Appellant makes the following assignment of errors:
“(1) The court erred in not sustaining defendant's demurrer to the third paragraph of plaintiff's amended complaint.
“(2) The court erred in its ruling and remarks in passing on defendant’s objection to testimony on the question of damages, and in holding that plaintiff could recover damages in addition to the reasonable rental value of the premises.
“(3) The court erred in not confining plaintiff’s testimony as to damages to the reasonable rental value of the premises.
“(4) The court erred in that part of its charge to the jury which is in words and figures as follows, to wit: ‘Now, this suit is not a suit brought for the purpose of collecting rent. It is a suit brought for-the recovery of the possession of the premises. But if you find that the premises have been wrongfully held by the defendant, you can give damages. This is not primarily a suit for the collection of rent. It is a suit for the possession of the premises. You are further instructed that, if you find for the plaintiff, the measure of damages will be the fair rental value of the premises from the time that the defendant unlawfully with*174held the possession of the premises, and such other damages as you may believe from the evidence the plaintiff sustained by reason of being kept out of possession of' the premises. This, however, does not mean that he could recover damages in this lawsuit for any property which might have been destroyed, such as trees cut, fences torn down, wire removed, buildings destroyed. That would not be recoverable in this kind of a lawsuit.' Which was excepted to at the time.
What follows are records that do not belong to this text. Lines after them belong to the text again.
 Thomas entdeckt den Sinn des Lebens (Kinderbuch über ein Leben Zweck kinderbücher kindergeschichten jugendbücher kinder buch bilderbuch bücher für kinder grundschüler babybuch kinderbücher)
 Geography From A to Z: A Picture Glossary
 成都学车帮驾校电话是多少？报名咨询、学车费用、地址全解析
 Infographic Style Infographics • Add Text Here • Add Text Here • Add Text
“(5) The court erred in overruling defendant's motion for a new trial, which was excepted to at the time.
“(6) The court erred in entering judgment on the verdict of the jury.”
Appellant contends that the court should have sustained the demurrer to the third paragraph of plaintiff's amended complaint, but concedes that “the court did, in effect, sustain the demurrer in the course of the trial. * * *” It is objected by counsel for appellee that appellant failed to call the attention of the court at the proper time to its failure to pass upon the demurrer. During the trial of the case, as conceded by appellant, the demurrer to the third paragraph of the amended complaint was passed upon, the demurrer sustained, and leave was granted appellee to amend his complaint. The complaint was amended by adding the words, “and damages to same by defendant's pasturing meadow in the sum of 190.” This was demurred to but it was then agreed by appellant that the demurrer be sustained thereto, which was accordingly done. But appellant says, “Its failure to do so in the first instance enabled the plaintiff to get before the jury a lot of incompetent testimony to the prejudice of the defendant.” It may be said, however, that, the court having passed upon the demurrer during the trial, the effect upon the evidence introduced thereafter would be the same as if *175the demurrer had been passed upon when filed, before trial, while, as to the evidence introduced prior to the ruling upon the demurrer, a careful reading shows that that was confined by the court to the question of the rental value of the premises in controversy. This was clearly not error to be complained of by appellant.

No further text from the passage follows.